I had to be regularly assessed for suitability when I started fostering. The main things I had to concentrate on were food storage, electrical cables, areas where they could get trapped and possible nest sites. It was a great opportunity to go through all my stuff and get rid of the clutter I didn't need. When I registered for adopting I was further assessed by my vet. I didn't have to do much other than get a huge cage so my vet could set a limit on numbers. I should be reassessed yearly now but the vet comes more often than that and just does it by eye.
8. Are you involved in any kind of bird related group or activities?
The only group I'm a member of is Avian Avenue. I've looked at other sites and forums and even some Facebook groups. It wasn't until Google pointed me here that I realised this was the only place I needed or wanted to stay.
9. What is the one luxury item you would love to have for your bird(s)?
I would love to have a larger home with a private garden. That would give me the opportunity to either build them an outdoor aviary for the warmer months, or a spare bedroom just for them. Or both.
10. Is there any bird that you dream of owning and if so why?
I've had to let go of my dream bird. I don't have the guaranteed time left to share the full life of a cockatoo, nor the space to give one a good life.
11. Describe a typical day with you at home with your birds.
My lights are on timers so the day starts with the dawn chorus (reveille). I'll make a coffee then prep their salad for breakfast. I'll remove all feeders and water for cleaning and fresh water but I'll leave the seed for an hour so they don't kick off. About 30 minutes after I get up I let them out, they do laps while I put the fresh pellets and water in and remove the seed.
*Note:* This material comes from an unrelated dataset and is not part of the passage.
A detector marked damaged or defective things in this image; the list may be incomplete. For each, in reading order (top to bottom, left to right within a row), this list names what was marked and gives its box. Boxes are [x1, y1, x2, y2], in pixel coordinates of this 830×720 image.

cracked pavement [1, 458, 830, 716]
Salad served on top of the cage then silence while they eat and I get dressed. I'll put their radio on, make my second coffee then join them in the lounge. I'll put the TV on with the headphones to catch the news bulletin, and have a quick scan of AA to see if I'm needed.
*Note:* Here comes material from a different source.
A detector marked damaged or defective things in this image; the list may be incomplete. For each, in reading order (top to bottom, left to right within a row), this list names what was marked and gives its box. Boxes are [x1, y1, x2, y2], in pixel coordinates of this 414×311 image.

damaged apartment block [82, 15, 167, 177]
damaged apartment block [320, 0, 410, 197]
Chop gets served around 11am and I'll stand amongst the branches sharing a little with them, watching them and just being in the flock. Leftover chop gets removed at 12 and the water refreshed, then it's just pellets until 3pm. Fresh salad served at 3 for 2hrs then removed. Again it's just pellets and maybe a few fresh herbs or dandelion, a piece of apple (Royal Gala preferred) and a little crushed nut (usually walnut, sometimes with almond flakes).
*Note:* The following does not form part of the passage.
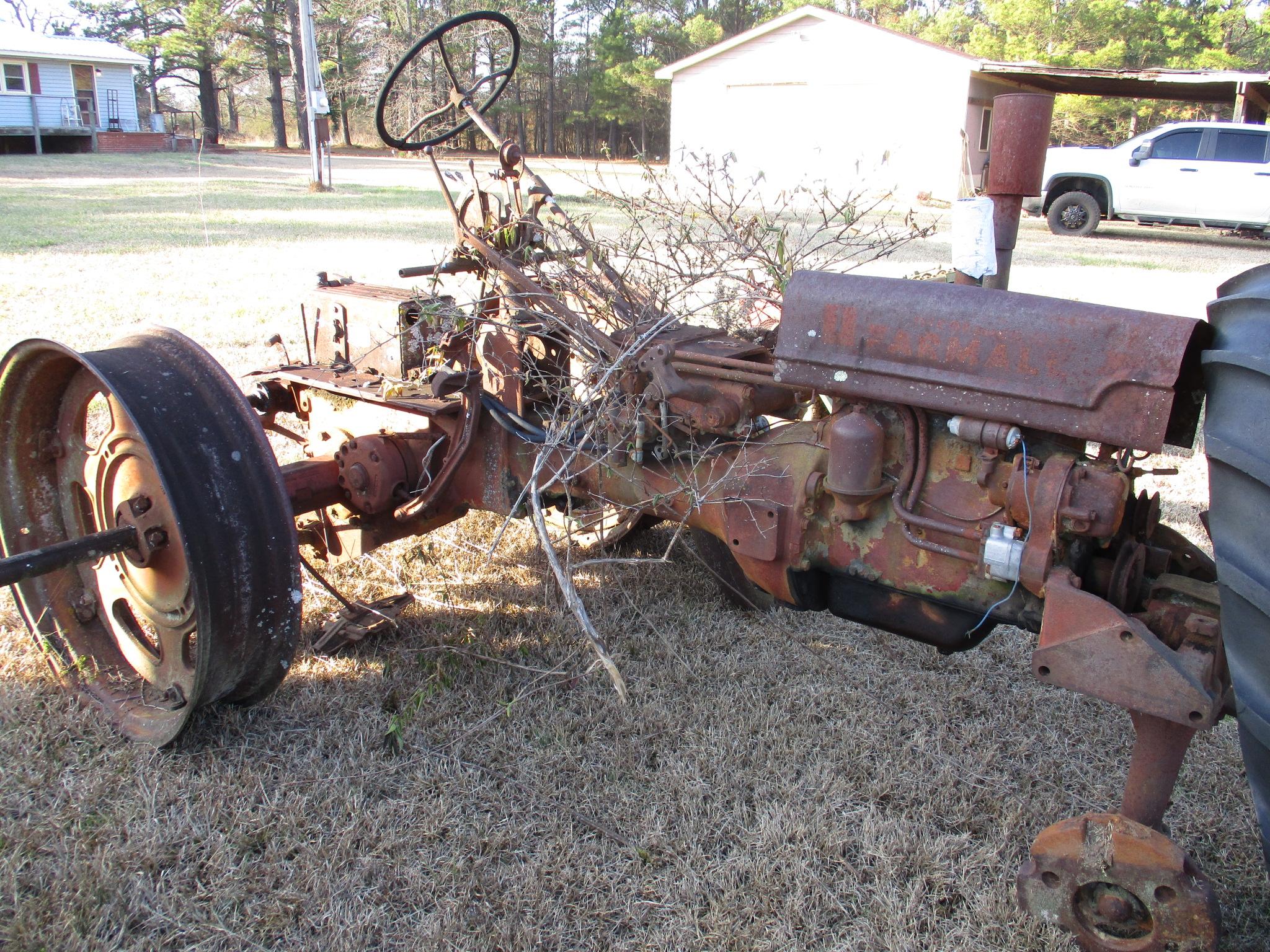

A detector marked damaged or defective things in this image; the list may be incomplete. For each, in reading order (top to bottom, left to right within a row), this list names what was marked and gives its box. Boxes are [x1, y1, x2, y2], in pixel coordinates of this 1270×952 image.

rusty metal post [975, 95, 1056, 294]
rusted tractor hood [772, 270, 1209, 452]
rusty metal bracket [1036, 571, 1224, 726]
rusty metal post [1117, 710, 1194, 832]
Seed goes back in the cage along with fresh water around 6:30 followed closely by the flock. Lights out at 7:30.
All this time they are also playing, bickering, visiting me and bathing. It's an easy day for all of us.
12. What have you learned about owning birds that you would like to share?
I never set out to train or tame my flock. Just being among them as an equal, as a flock member, can give you the opportunity to see their natural behaviours and their reasoning. It's working for all of us.
It's all about keeping them happy. Angel is just as important as Chalkie, and is just as important as me.
13. If you knew then what you know now about birds, what would you do differently?
Honestly? The one thing I would change is my home. I would have chosen a much larger place than the bachelor pad I have now. I'd give them a dedicated room twice the size of our current lounge and/or an aviary.
14. What other hobbies do you have?
Seriously? Who has time for other hobbies?
No, I've actually been picking up a few of my old hobbies. I used to be a keen gardener but I'm limited to the kitchen windowsill now. My current thing is growing chillis. I'm also getting involved with a bike project where we'll be stripping old bikes for spares as well as teaching children how to build and repair their own bike. I'm qualified to teach and to assess for qualifications so you never know, that may become my next business.
15. Anything else you would like to share?
I'm not seen to post much about problems with my flock but that doesn't mean we don't have any problems. I'll just use the search function on the forums for any question I may have and up until now 100% of the answers were already here. AA is a wonderful resource and it's here to be used so use it, but most of all enjoy your birds.